Two weeks ago, Martin said he could sense during practice that he might be back. That the knee injury might, at long last, be behind him.

After it came together in downtown Kansas City, the aftermath presents an interesting dynamic for the bigger tournament that awaits in the coming week.

Was that a one-off?

Or did we just watch a player rediscover his game — and his burst — at the right time?

Because it sure looked like the latter. If you had parachuted into the T-Mobile Center to watch KU for the first time Saturday, you would’ve pegged Martin as this team’s Alpha, as its personality, its pulse.

On Saturday, Self had little choice but to ride with Martin in the first half after starting point guard Dajuan Harris picked up his second foul. Martin played because he had to.

One half later, he played because of preference, Harris relegated to a spectator on the bench.

And you know what? The Jayhawks were better.

Better than they have been lately.

Better than it appeared they were capable of being. A day ago, KU had the makings of a team that should advance to the second weekend of the tournament and could advance to the Final Four.

Up the ante now. KU just beat one of the nation’s 15 best basketball teams despite making five of 22 three-pointers. They’ve not shot it worse in a win all season.
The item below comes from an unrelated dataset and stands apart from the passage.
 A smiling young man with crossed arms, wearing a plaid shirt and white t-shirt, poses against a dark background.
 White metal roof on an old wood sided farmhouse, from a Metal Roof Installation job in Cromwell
This wasn’t supposed to be part of their equation because Martin hasn’t been part of their equation. Not really, anyway. He is indeed the difference-maker they envisioned when he signed on last summer.

We’ve been waiting.

It’s more than his scoring, too. A bounce pass to Jalen Wilson in traffic might have been his best play. It led to a layup. He stole two possessions from Texas Tech in the second half — one when he stepped in front of the inbound and another when he put his face in the mix to obtain a loose ball near halfcourt.
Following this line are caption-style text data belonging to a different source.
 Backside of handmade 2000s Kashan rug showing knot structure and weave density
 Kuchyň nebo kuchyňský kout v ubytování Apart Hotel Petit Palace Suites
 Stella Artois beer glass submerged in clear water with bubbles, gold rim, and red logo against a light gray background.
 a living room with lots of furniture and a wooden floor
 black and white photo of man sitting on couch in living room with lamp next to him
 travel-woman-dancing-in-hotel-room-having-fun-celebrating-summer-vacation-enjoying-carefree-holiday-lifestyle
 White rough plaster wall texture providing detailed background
“He brings a different element to our team,” teammate Christian Braun said.

When he’s out there. It’s important to note that just two days earlier, Self left Martin on his bench for most of the second half because he “wasn’t as engaged.”

Can’t happen now.

This journey can still have the same conclusion that Self, Martin and the Jayhawks always planned, even if took a detour along the way.

In the closing seconds Saturday, as KU dribbled out the clock, Braun sought out Martin. The two high-fived, the initial celebrations of a championship before a stage was wheeled onto the floor. Then Braun offered a few words.

“That,” Braun would later recall saying to Martin, “is what you came here for.”